Why anti-scraping matters - BotDefender

Why anti-scraping matters?


Home » BotDefender » Here

Web scraping solutions are now available for no more than a few dollars per month. The practice of web scraping for competitive intelligence purposes has become a widespread in commerce. Because of those evolutions, it is more important than ever to protect your business against the automated retrieval of your prices by competitors.

Scraping: a widespread practice

Scraping commerce websites while looking for their prices is a widespread practice. We suggest to give a try to the search query magento web scraping on Google, and see for yourself that the query returns hundreds of jobs posted on various freelance website to hire a developer to specifically scrap the site of a competitor.

Obviously, public freelance job posts in the specific case of Magento are only the tip of the iceberg. Most companies would not post a job request publicly visible on the web. In-house approaches are typically favored, but there are also a growing number of packaged software solutions readily available. Then, Magento is not the only target either. The same experiment could be repeated for all popular shopping cart software.

Price extraction hurts the most

Pricing is one of the most basic yet powerful means of differentiation in commerce. Yet, if your competitors know all your price all the time, then it's relatively simple to outprice your business, by undercutting key prices by just a few cents, which will badly hurts your conversion rates when trying to acquire new customers, i.e. those who are still looking at multiple options on the web.

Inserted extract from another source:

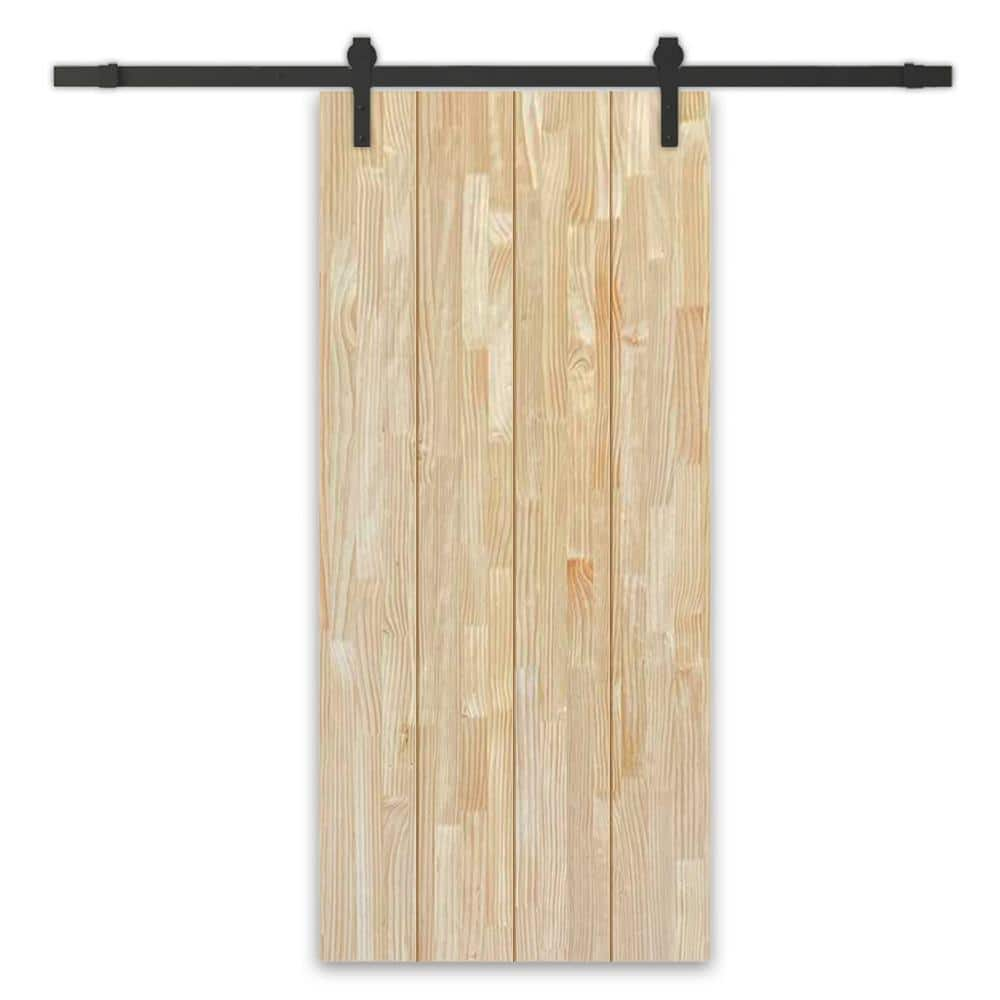 CALHOME 40 in. x 80 in. Natural Pine Wood Unfinished Interior Sliding ...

Price wars happen when merchants repeatedly cut their prices below those of competitors. When a competitor engages a price war with you, consequences are very expensive: either you give up on your margins, or you give up market shares. In theory (and indeed such was the case a few years ago), your competitors could have a small army of employees paid to check your prices, however in practice, it's too expensive. Thus, your competitor resorts to automated price extraction from your site. By preventing your competitors from automatically reacting to every price change you make, you prevent them effectively from engaging price wars with you. Let your competitors start their price wars with other competitors.

Commerce sites are increasingly vulnerable

Web standards have been steadily improving over the last decade. In particular, thanks to the widespread support of CSS, the HTML code of commerce sites is now more readable than ever for machine and web developers alike. Overall, it's a very good thing: websites look better, they are easier to develop and to maintain as well. However, as a downside, it has never been easier to extract prices from your modern site.

When looking at the HTML code of most commerce sites, usually prices can be identified with patterns not really more complex than:

<span class="price">$129.99<span>

where price is the CSS class assigned to the price. A decade ago, HTML pages were cluttered with tables (for layout) and images which were vastly complicating the scraping.

Those features of your modern commerce site explains why it's now possible for your competitors to buy or build web scraping solutions with minimal development efforts.

This trend did not stop with CSS. For example, the evolutions needed to make your site mobile-ready are again making things a lot simpler for web scrapers - because smaller pages are faster to download, and easier to analyze.